Porencephallic Cyst Diangnosed in Utero at 35 Weeks...

Hi there. I am a pediatric PT In Early Intervention. While I don't have any experience with your son's specific diagnosis I can tell you with hydropcephallus the outcomes vary from normal to very delayed. One thing you can do early on is get Early Intervention Services. He will be automatically eligible for services because of his diagnosis. A team will come out an evaluate him. If he is doing fine they will come back out every 3-6 months(whatever you and the team decide) to re-evaluate him and start services as/if needed. It's nice to start early because they can tell you things to watch for and often you can have the same team come out each time so they know your child. Feel free to send me a private message if I can answer any more questions for you-Julie

Just my thoughts...My prayers will be with your family. Mommy G discussed the Early Intervention program...It is a wonderful program...My son has been in the EI for a year for muscle development and it has done wonders. While I know your case is very different your pediatrician should be able to provide you the phone number to get connected. If you need a phone number let me know.
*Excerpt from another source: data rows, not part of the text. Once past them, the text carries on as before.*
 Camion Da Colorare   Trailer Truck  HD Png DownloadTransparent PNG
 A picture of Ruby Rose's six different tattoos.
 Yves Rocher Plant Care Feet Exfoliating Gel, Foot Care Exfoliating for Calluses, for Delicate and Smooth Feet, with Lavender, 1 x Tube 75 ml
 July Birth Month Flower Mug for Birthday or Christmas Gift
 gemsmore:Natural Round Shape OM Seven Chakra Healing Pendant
Hi while i dont have experience with your little ones diagnosis I do have a son who had the cord tied around his neck 2x when he was born. He suffered from a lack of oxygen and it did cause some brain damage. While It has been a lot of therapy and special ed basically they are teaching different parts of his brain to do what the damaged parts are supposed to do. I would make sure you have great therapist and teachers around him and he will blossom. Maybe not like all the other kids but in his own way. My son is a truly a blessing no matter what his problems are he is one in a million and has taught me so much about life and helped me grow as a person. I still dont know how his future will turn out. But I have learned to accept it and take it day by day and truly enjoy this little miracle I have. I wish you and your family the best.

Hi R.,
I wish I had more specific info for you, but 2 suggestions: Google and see if there is a foundation or group website that addresses these issues. You can communicate with other parents of children with same or similar conditions this way. Also ask your MD for recommendations. S/he might have some suggestions and/or know other patients with a similar diagnosis that they could forward your contact information to.
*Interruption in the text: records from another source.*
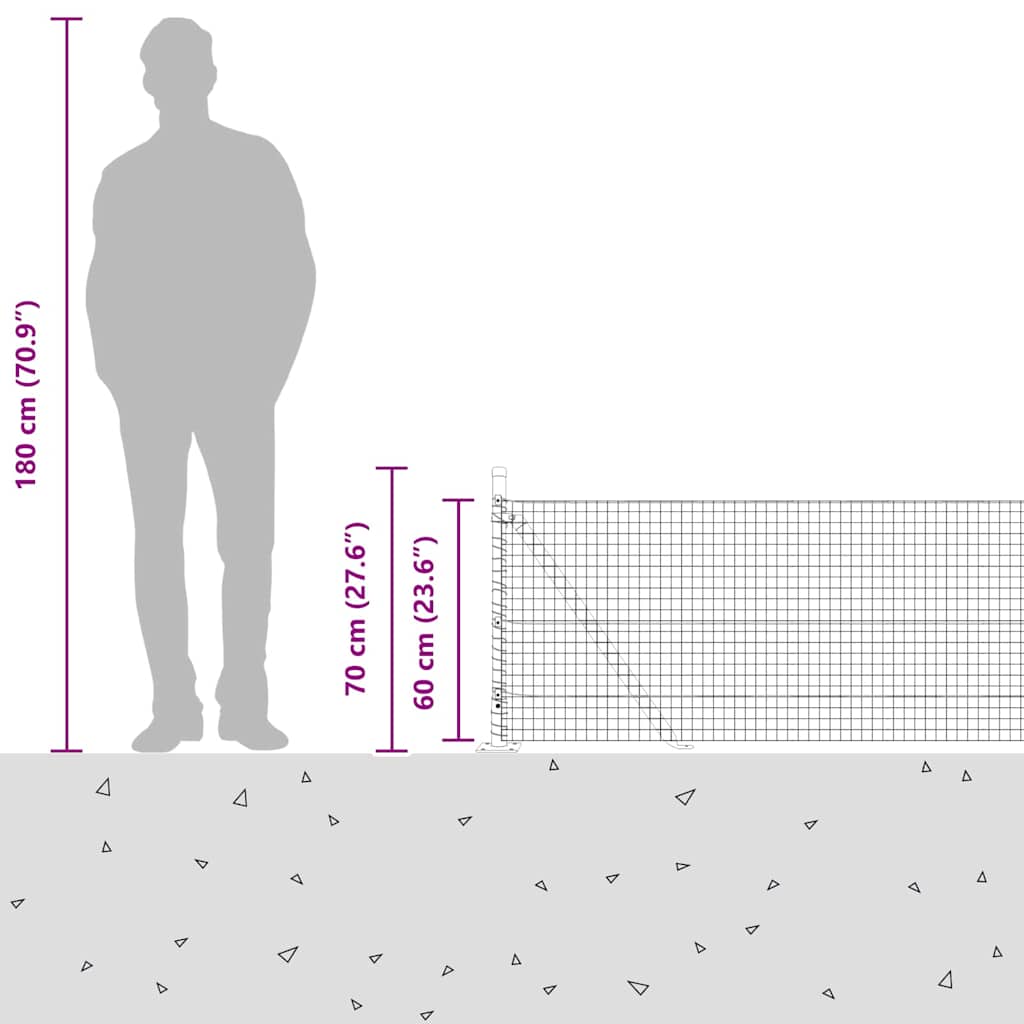 Zavareno žičano ogradno mreža s betonskom podlogom 100 x 0,6 m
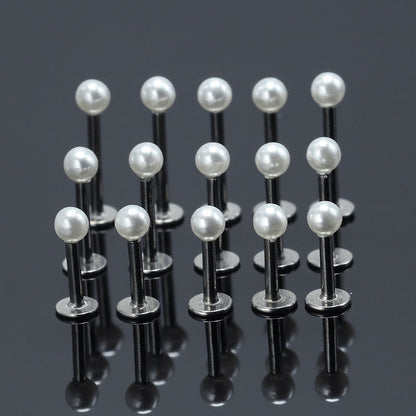Labret ear bone stud on ear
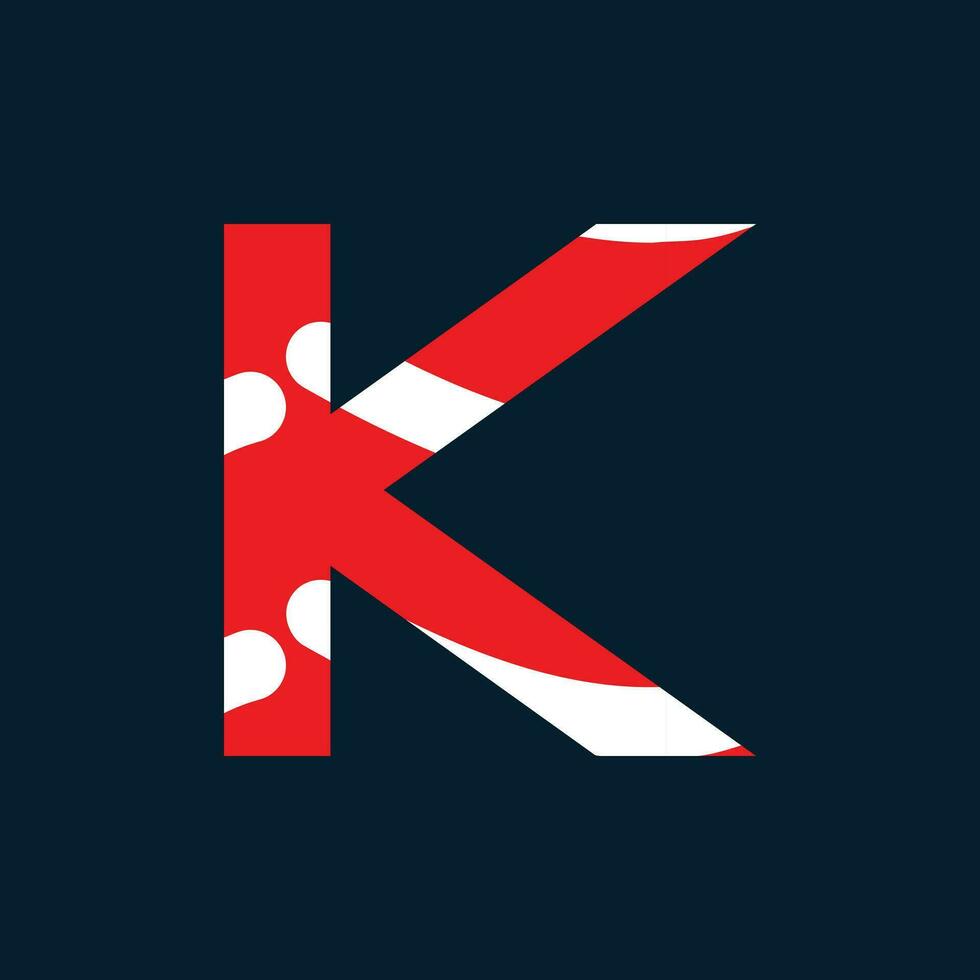 K letter logo or k text logo and k word logo design. vector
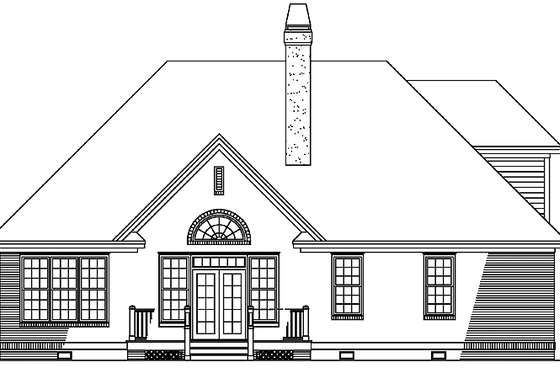 Exterior - Rear Elevation 1 for Country House Plan #929-470 - 4 bed, 3 bath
So sorry you are going through this. Your baby is lucky to have such proactive parents looking out for his best interest. I know parents of kids with varying levels of disabilities and the one thing they all have in common is that they adore their kids and those kids are thriving. All the best to you and your family.
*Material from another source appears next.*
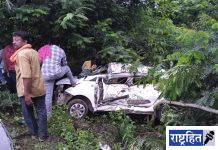 वर्ध्याच्या खडकी येथे कारचा भीषण अपघात ; तिघांचा मृत्यू, एक जखमी ! मृतकांमध्ये दोन महिला, पंचवीस वर्षीय युवकाचा समावेश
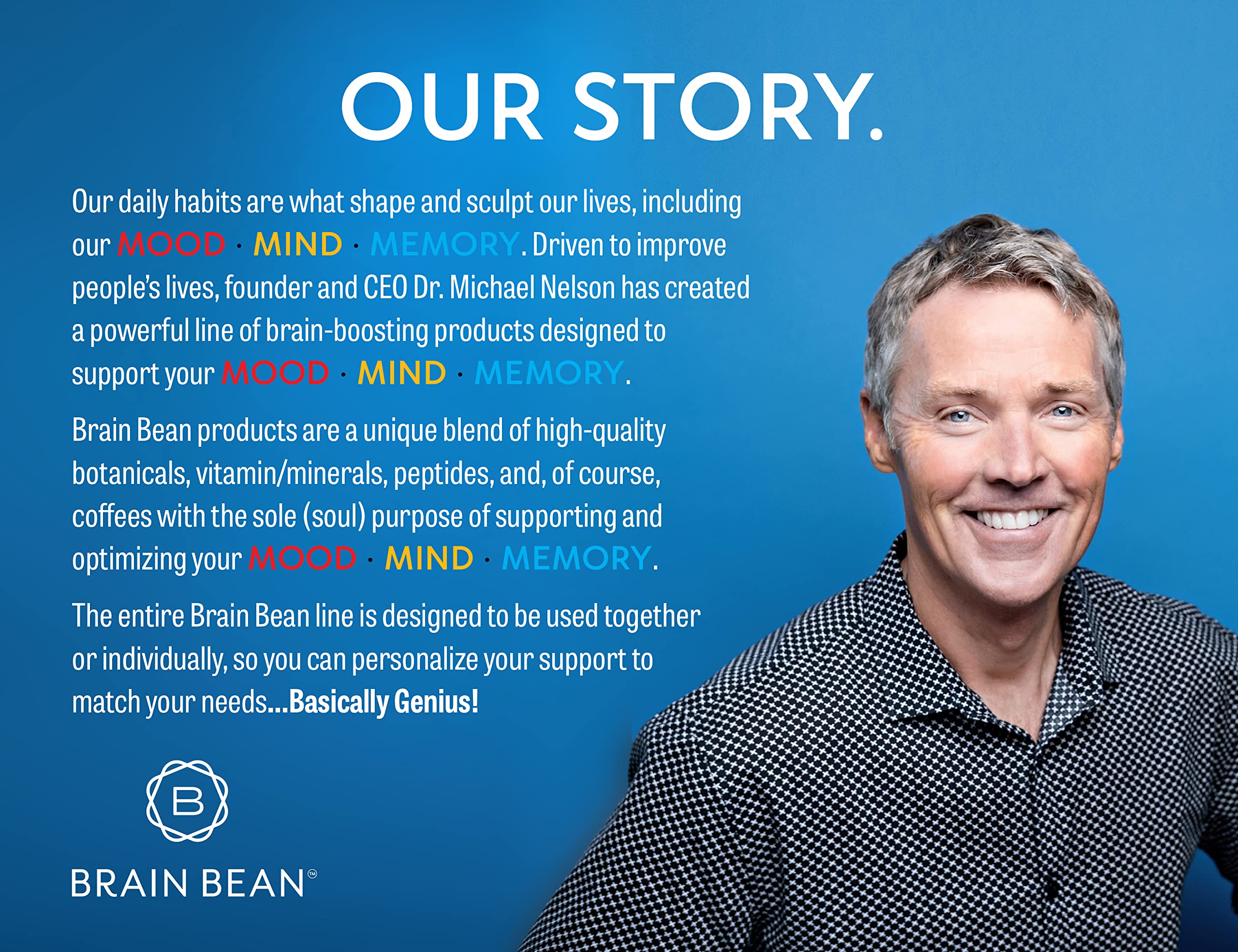 Sugar-free label on Brain Basics product packaging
I do not have any experience...but wanted to offer you my thoughts and prayers. It must be very scary, the unknown of it all! Keep us posted about your little guy!
K.

I am sure this has been very scary for you - but I can just tell by your post that this little one was meant for you....you will be awesome.

Thinking of you....

Like everyone else, I'll be thinking of & praying for you & your little guy & I agree with Googling for organizations for this sort of thing, getting lots of info at the hospital & as a mother of 2 boys who have gone through Early Intervention, I loved the program.